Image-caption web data
------------------------------------------------------------------------

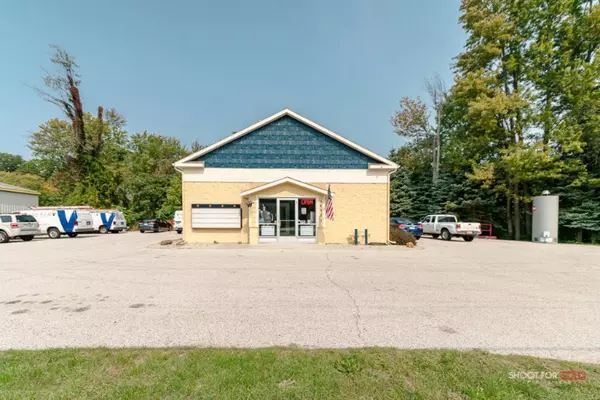 Spring Lake, MI 49456,14721 Cleveland Street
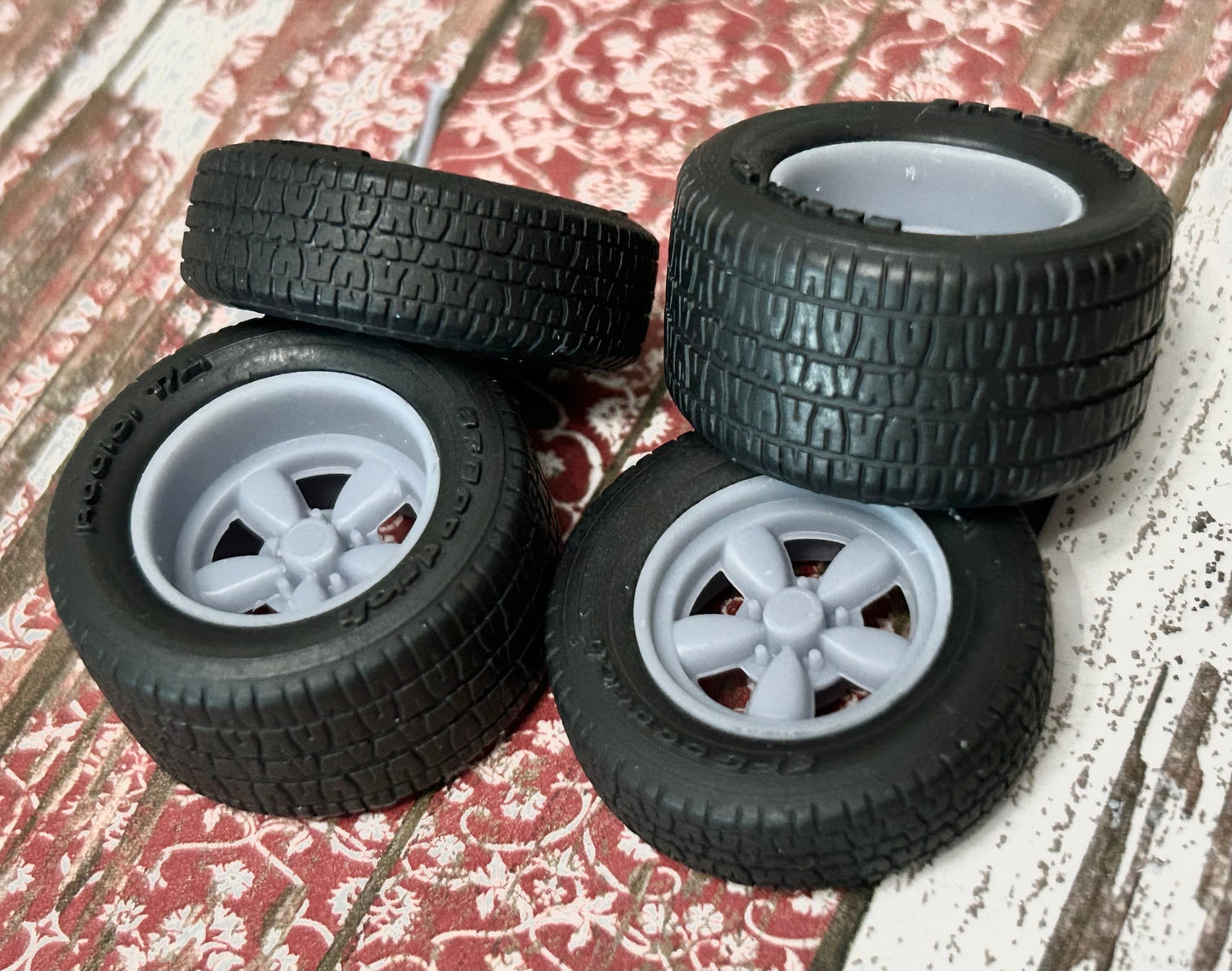 15-Inch Daisy w/ wide rear tires
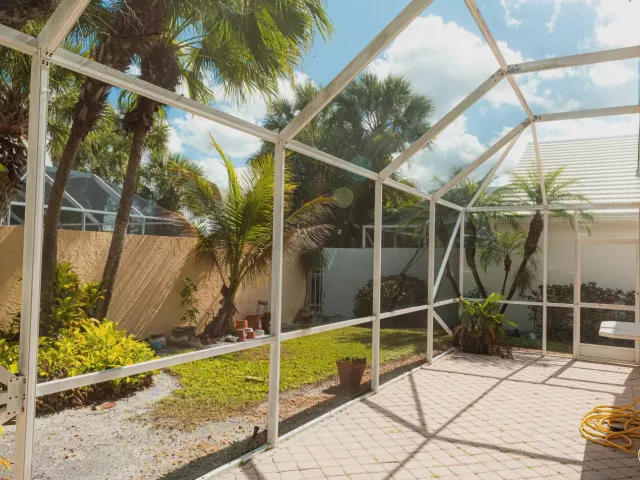 3-bedroom home for sale in West Palm Beach - 1100 Lytham Court - MondialRealty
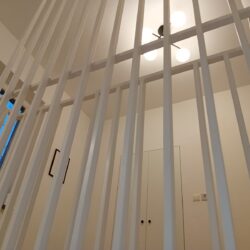 Minimalistyczna balustrada typu „Harfa” w kolorze białym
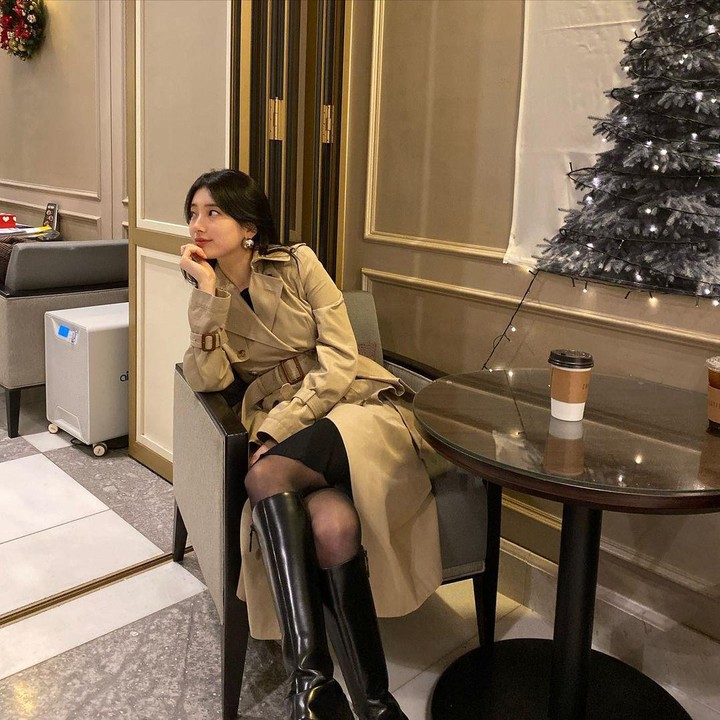 <p>Memadukan blazer panjang dengan sepatu boots panjang jadi penampilan yang menarik untuk dicoba. Ini dapat membuat penampilan tampak <em>classy</em> dan <em>esklusif</em>. Pada foto ini, Bae Suzy tampak menawan dan berkelas, ya, Bunda. (Foto: Instagram @skuukzky)</p>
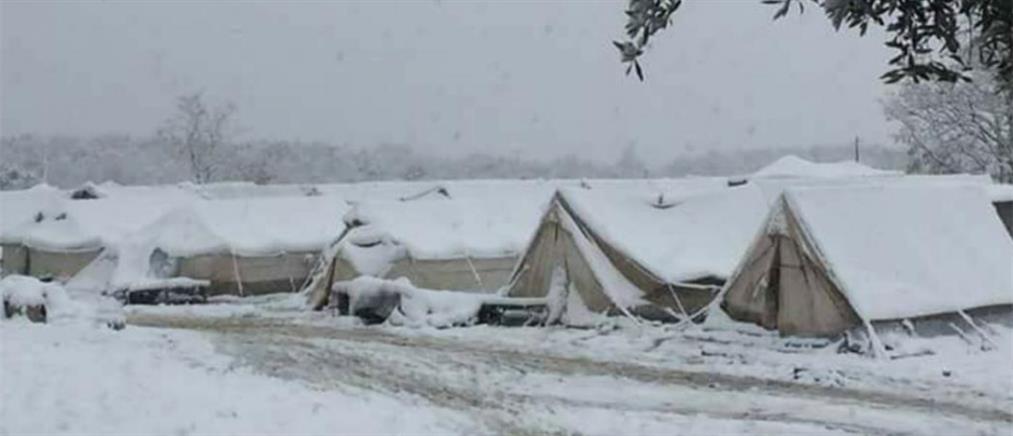 Στο έλεος του χιονιά οι πρόσφυγες στην Πέτρα Ολύμπου (φωτο)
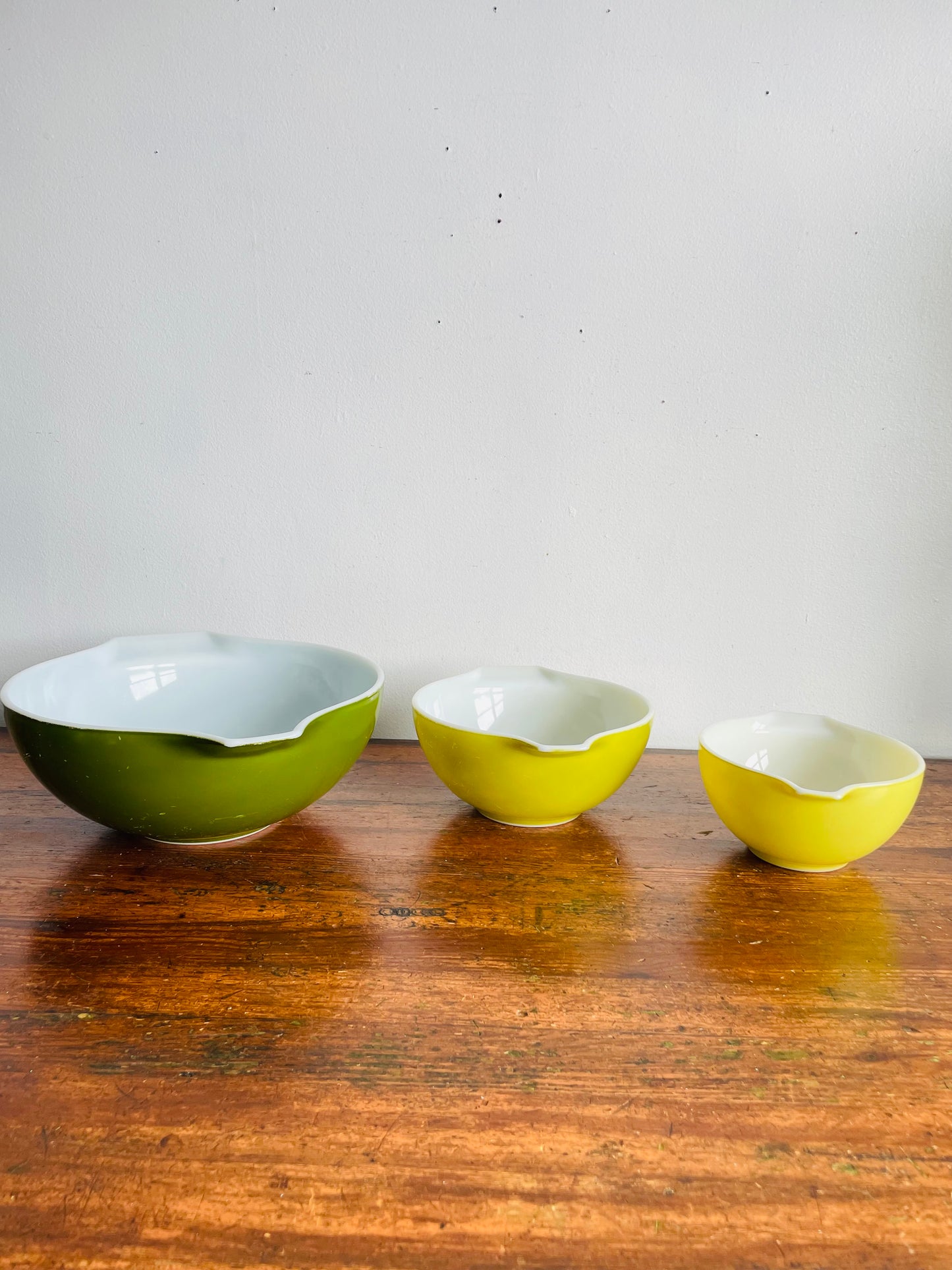 Vintage Pyrex Verde Avocado Green Cinderella Nesting Bowls - Set of 3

------------------------------------------------------------------------

**What you should do:** From the records given above, reproduce all text exactly and exclude each picture.

**Written response:**
 Spring Lake, MI 49456,14721 Cleveland Street
 15-Inch Daisy w/ wide rear tires
 3-bedroom home for sale in West Palm Beach - 1100 Lytham Court - MondialRealty
 Minimalistyczna balustrada typu „Harfa” w kolorze białym
 <p>Memadukan blazer panjang dengan sepatu boots panjang jadi penampilan yang menarik untuk dicoba. Ini dapat membuat penampilan tampak <em>classy</em> dan <em>esklusif</em>. Pada foto ini, Bae Suzy tampak menawan dan berkelas, ya, Bunda. (Foto: Instagram @skuukzky)</p>
 Στο έλεος του χιονιά οι πρόσφυγες στην Πέτρα Ολύμπου (φωτο)
 Vintage Pyrex Verde Avocado Green Cinderella Nesting Bowls - Set of 3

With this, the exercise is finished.